◆ **Exercise aim**: You are asked to copy the entire listing exactly, apart from its pictures.

◆ **Source material**:
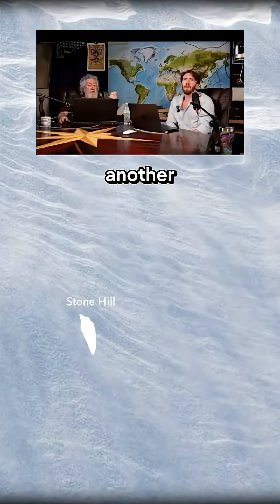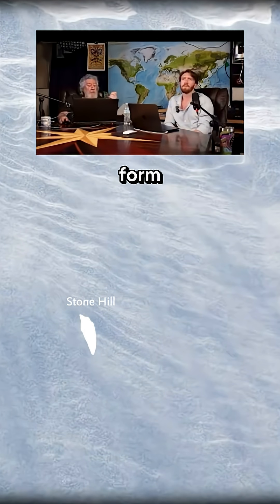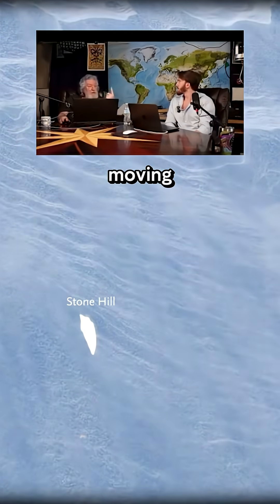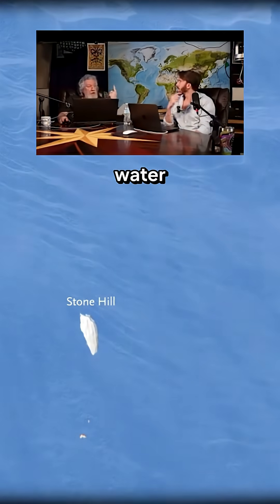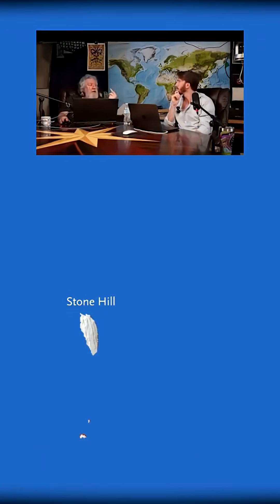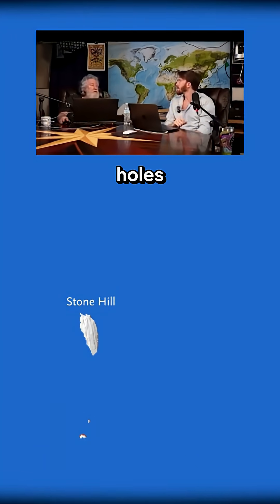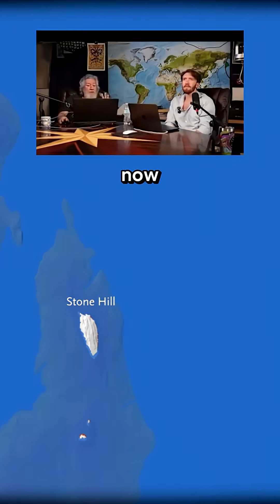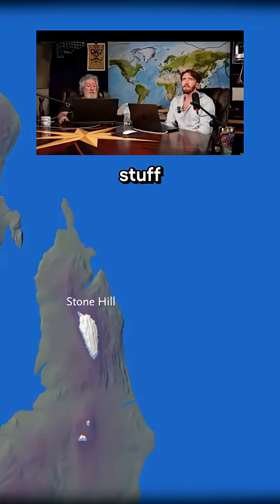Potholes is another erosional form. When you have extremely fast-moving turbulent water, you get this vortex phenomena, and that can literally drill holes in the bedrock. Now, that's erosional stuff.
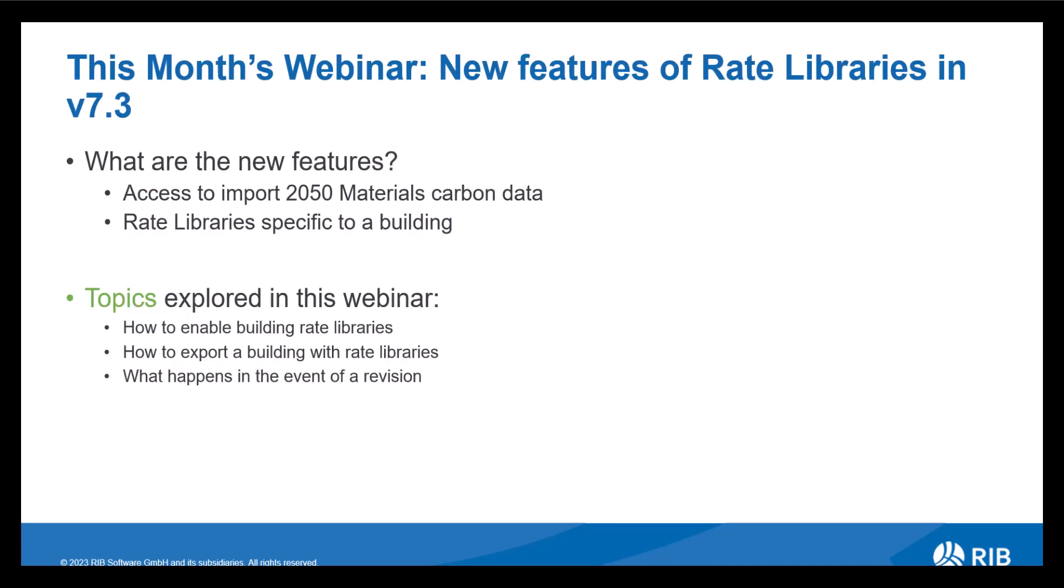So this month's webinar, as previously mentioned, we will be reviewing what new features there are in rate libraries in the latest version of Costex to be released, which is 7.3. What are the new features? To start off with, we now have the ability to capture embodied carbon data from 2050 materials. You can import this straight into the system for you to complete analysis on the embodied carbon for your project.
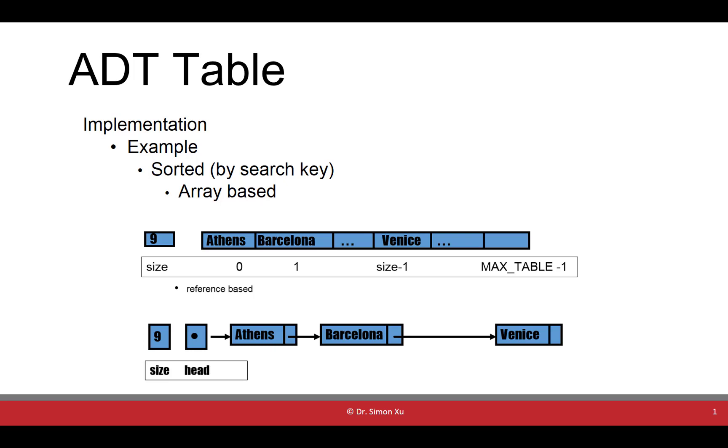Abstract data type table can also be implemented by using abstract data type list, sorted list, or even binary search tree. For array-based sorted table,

◆ **Solution for this problem**:
Potholes is another erosional form. When you have extremely fast-moving turbulent water, you get this vortex phenomena, and that can literally drill holes in the bedrock. Now, that's erosional stuff.
So this month's webinar, as previously mentioned, we will be reviewing what new features there are in rate libraries in the latest version of Costex to be released, which is 7.3. What are the new features? To start off with, we now have the ability to capture embodied carbon data from 2050 materials. You can import this straight into the system for you to complete analysis on the embodied carbon for your project.
Abstract data type table can also be implemented by using abstract data type list, sorted list, or even binary search tree. For array-based sorted table,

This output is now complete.